The problem
When the line containing "Peut inclure: Table" is found in the data below, give it again along with every later line, exactly; drop the pictures.

Given information
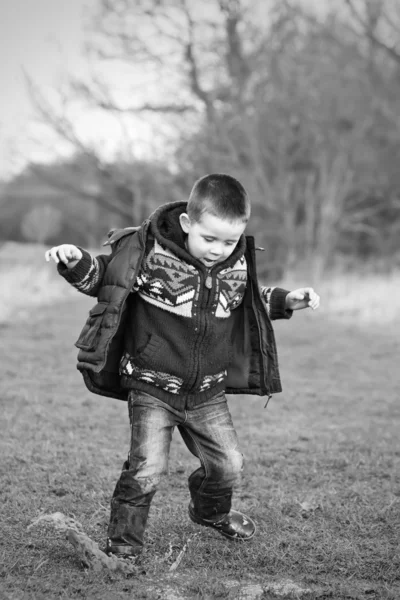 Kleine jongen spetteren in een plas op het gebied — Stockfoto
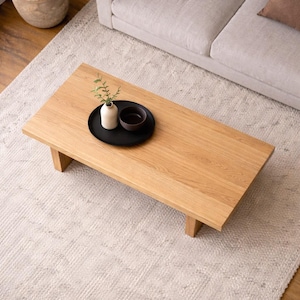 Peut inclure: Table basse rectangulaire en bois clair avec une finition naturelle. Un plateau noir supporte un petit vase blanc avec de la verdure et un bol marron fonc&eacute;. La table est pos&eacute;e sur un tapis clair.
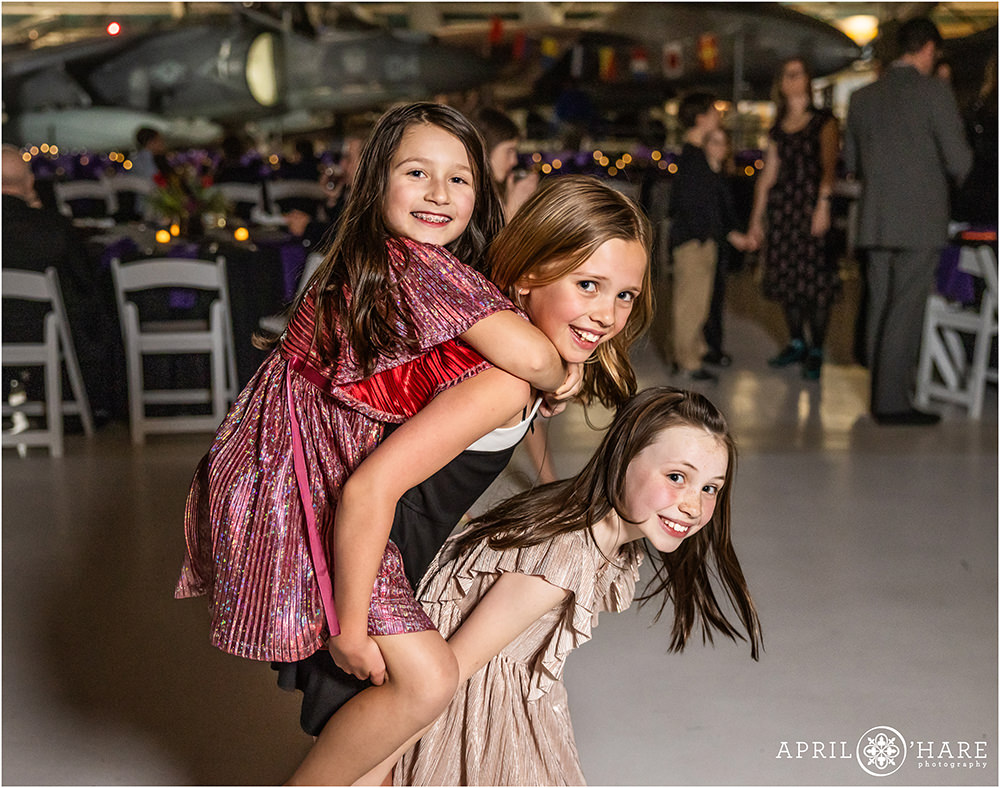 Three girls having fun at a bar mitzvah party at Wings Over the Rockies in Denver CO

Task result
 Peut inclure: Table basse rectangulaire en bois clair avec une finition naturelle. Un plateau noir supporte un petit vase blanc avec de la verdure et un bol marron fonc&eacute;. La table est pos&eacute;e sur un tapis clair.
 Three girls having fun at a bar mitzvah party at Wings Over the Rockies in Denver CO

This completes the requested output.